- _Exercise aim_
From the records below, copy out exactly the lines from the one containing "Wall Mural - closeup" to the one containing "Plante Boule de buisson de 40 cm sur pots", both included. Add nothing else.

- _Dataset extract_
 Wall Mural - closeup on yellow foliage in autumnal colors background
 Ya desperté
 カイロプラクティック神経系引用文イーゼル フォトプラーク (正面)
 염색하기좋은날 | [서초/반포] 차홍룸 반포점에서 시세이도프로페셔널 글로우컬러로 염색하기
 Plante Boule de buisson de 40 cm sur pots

---

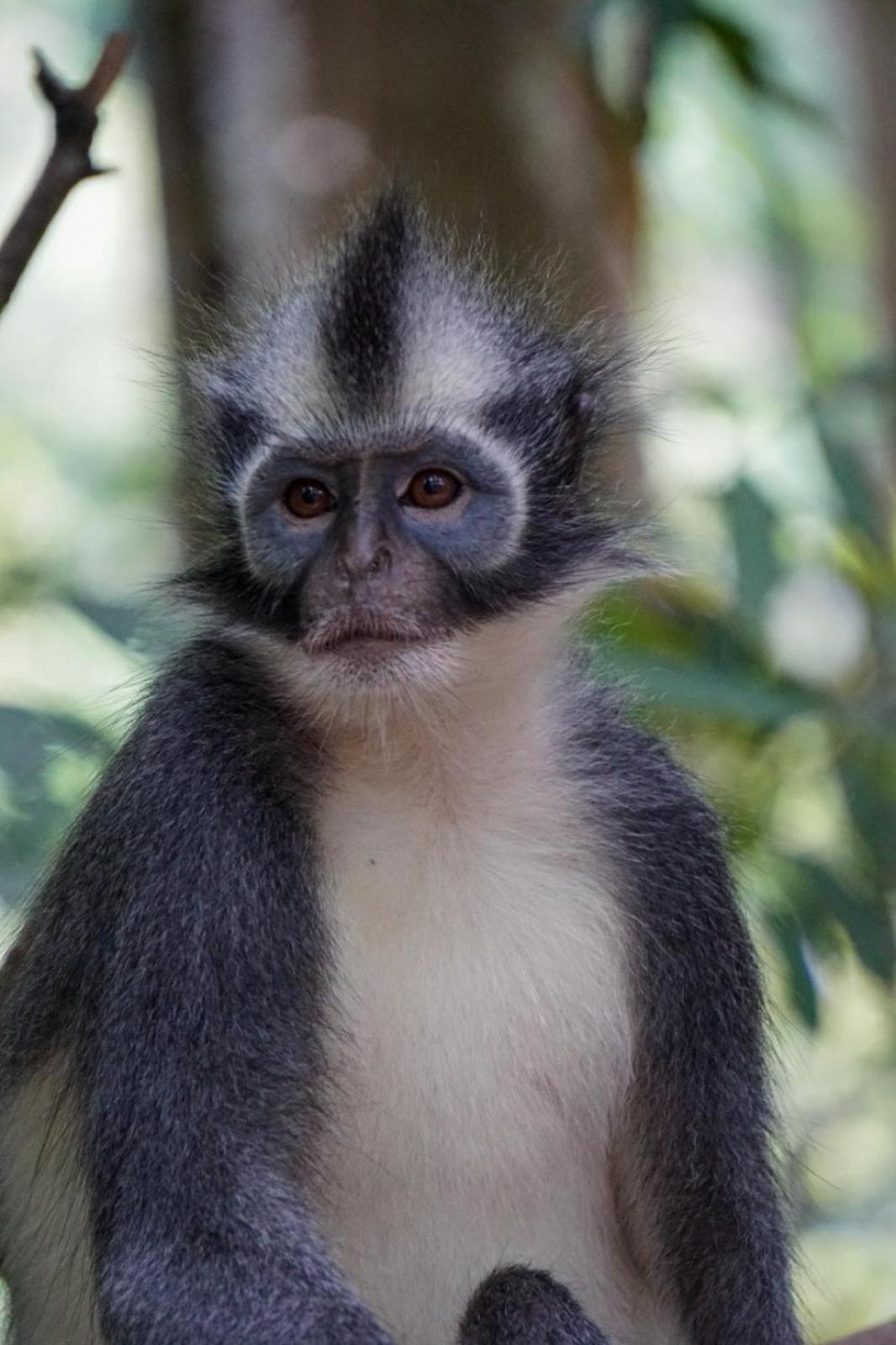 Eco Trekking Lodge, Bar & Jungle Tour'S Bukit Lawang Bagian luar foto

- _Your solution_
 Wall Mural - closeup on yellow foliage in autumnal colors background
 Ya desperté
 カイロプラクティック神経系引用文イーゼル フォトプラーク (正面)
 염색하기좋은날 | [서초/반포] 차홍룸 반포점에서 시세이도프로페셔널 글로우컬러로 염색하기
 Plante Boule de buisson de 40 cm sur pots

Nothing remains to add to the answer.